▶ _Work task_
Reproduce every line of the listing as written, apart from the pictures.

▶ _Information provided_
>>>
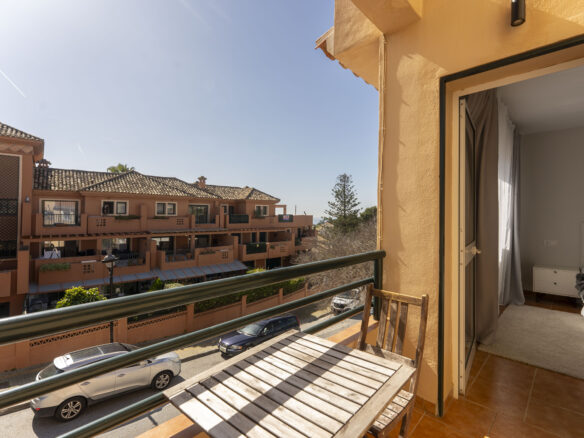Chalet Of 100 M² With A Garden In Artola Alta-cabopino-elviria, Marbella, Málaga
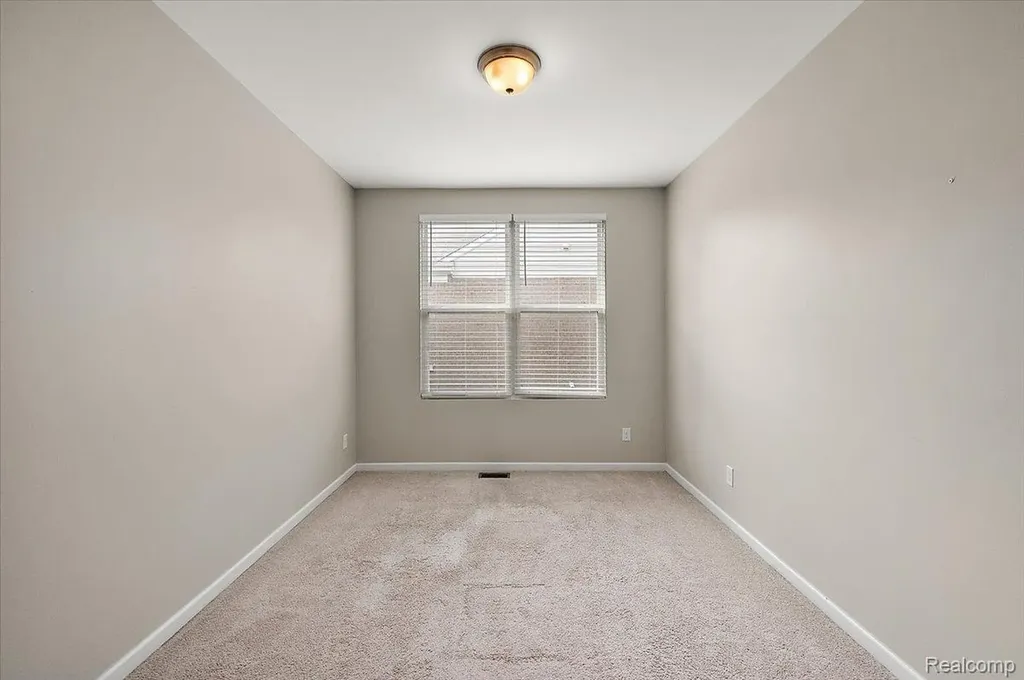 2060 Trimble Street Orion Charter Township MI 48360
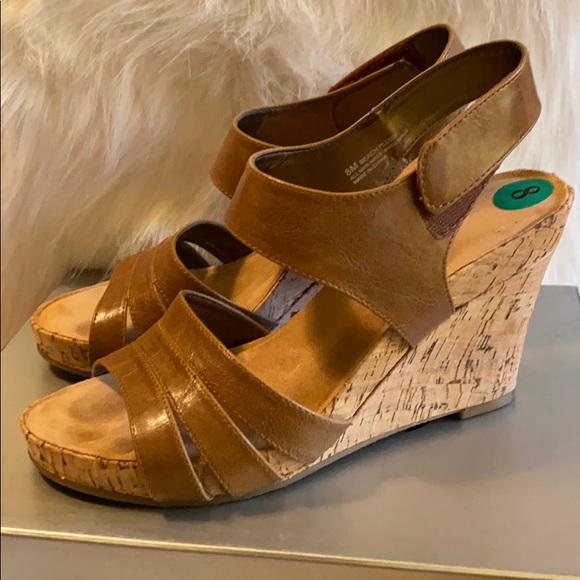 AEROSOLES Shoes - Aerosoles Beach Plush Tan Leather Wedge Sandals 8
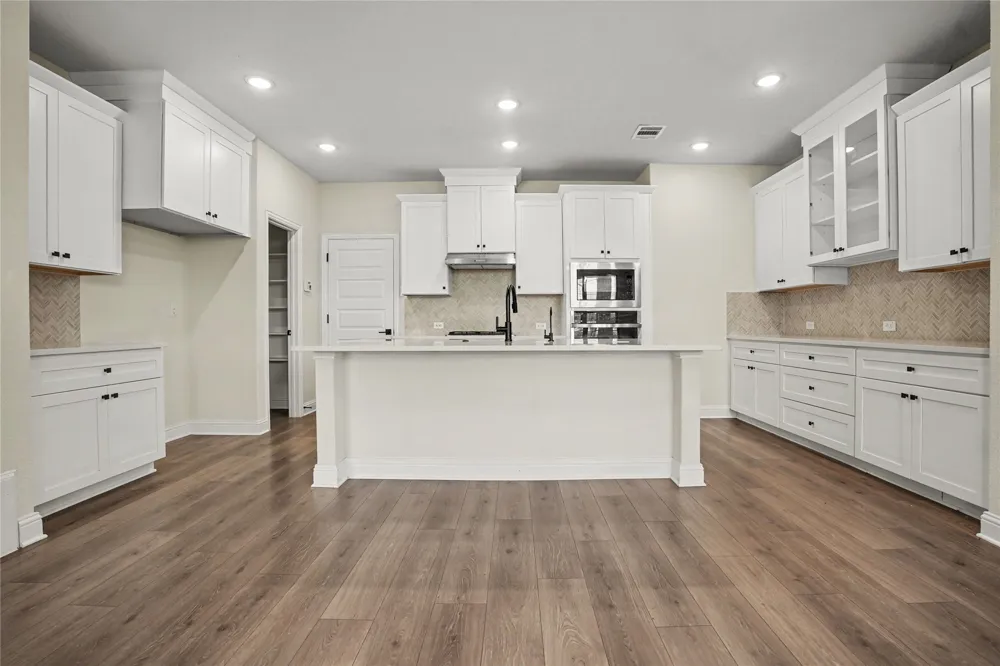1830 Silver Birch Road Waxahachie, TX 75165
<<<
▶ _Written solution_
Chalet Of 100 M² With A Garden In Artola Alta-cabopino-elviria, Marbella, Málaga
 2060 Trimble Street Orion Charter Township MI 48360
 AEROSOLES Shoes - Aerosoles Beach Plush Tan Leather Wedge Sandals 8
1830 Silver Birch Road Waxahachie, TX 75165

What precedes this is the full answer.